The Montgomery County Council is in the process of reducing its $33.9 million reconciliation list — a wish list of line items the council hopes to add to County Executive Marc Elrich’s proposed $5.7 billion budget for fiscal 2020.
The council’s six committees have spent the past two months studying details of Elrich’s budget since it was released on March 15 and making recommendations of items to add and ones to cut.
The council is expected to complete a reconciliation list by the end of Thursday and vote on the full budget at its meeting next Tuesday.
The areas with the largest amount of requests for additional funding include:
-Transportation, with an additional $10.9 million in requests
-Health and human services, with a request for $7.5 million in additional funding
-Education, with a requested amount of $4 million.
Among the items with the highest price tag the Transportation and Environment Committee has asked to add back are the restoration of service seven bus lines to the county’s Ride On system.

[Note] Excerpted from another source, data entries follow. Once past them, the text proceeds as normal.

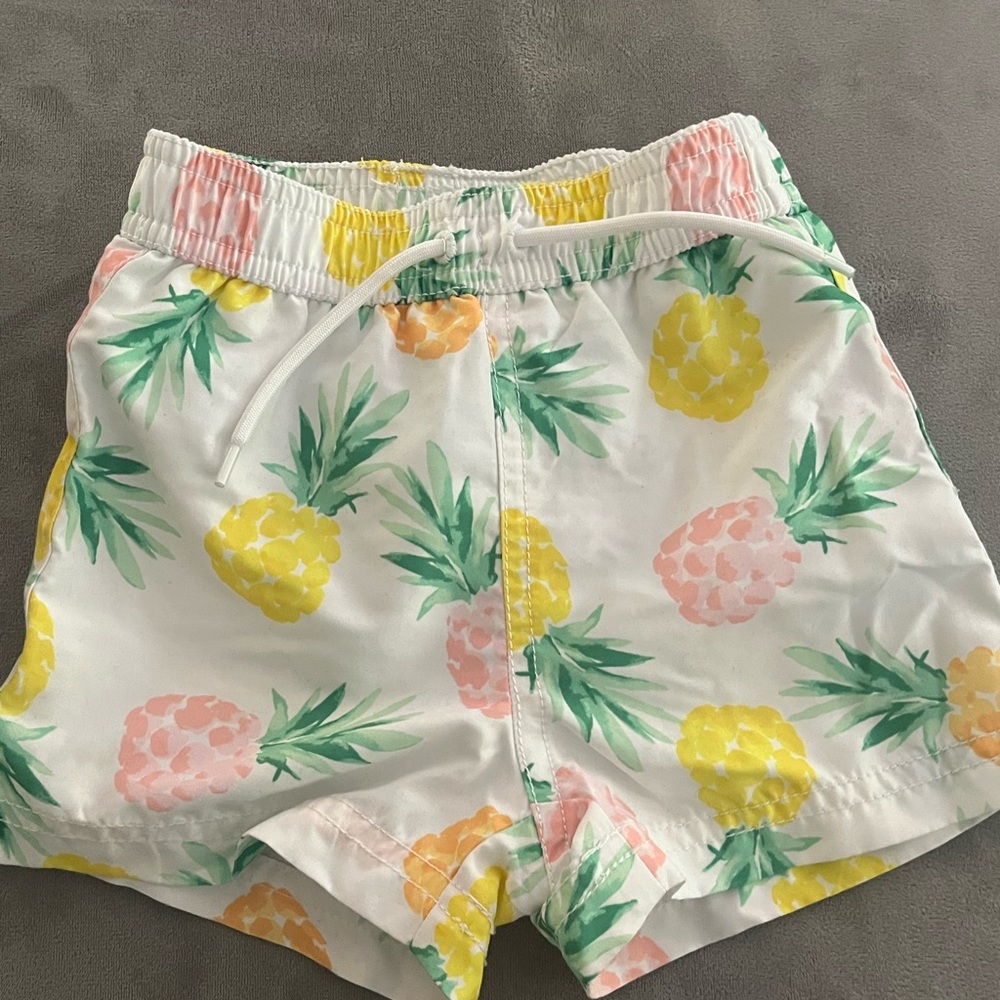 Janie and Jack Swim Trunks Pineapple Print 6-12 Months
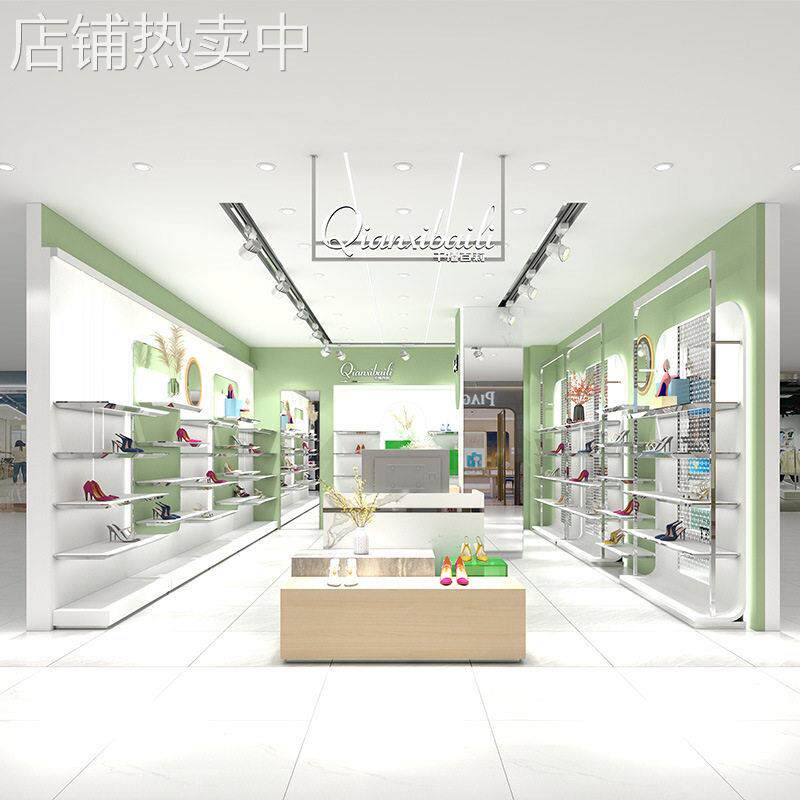 定做鞋店鞋柜展示柜商场店铺包包烤漆展柜异形绿色公司展厅陈列柜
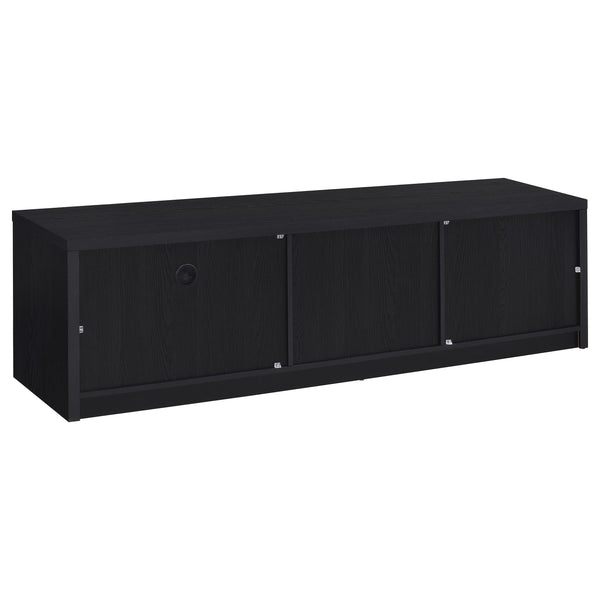 English Elm Ian Modern Black TV Stand Console with 2 Doors, Drawer & Shelf — Storage Media Center for 70" TVs B062P378249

The funding is divided into four “tranches,” each ranging between $600,000 and $660,000.
The transportation requests also include two line items that would expand Ride On’s Kids Ride Free program, which allows students under the age of 18 to ride the buses for free between 2 p.m. and 8 p.m. A $712,000 request would expand service of the program to morning hours starting at 6 a.m., and a second $300,000 request would expand it to all bus service hours.
The Health and Human Services Committee’s largest request is a $1.9 million ask to restore funding for agencies that provide services to the developmentally disabled so that funding is at fiscal 2019 levels.
The HHS Committee also has made six separate requests of $205,000 each to add two school nurses to different schools to reduce the nurse-to-student ratio. The committee has also made two requests of $100,000 each for contracts with mental health therapists to serve two schools each.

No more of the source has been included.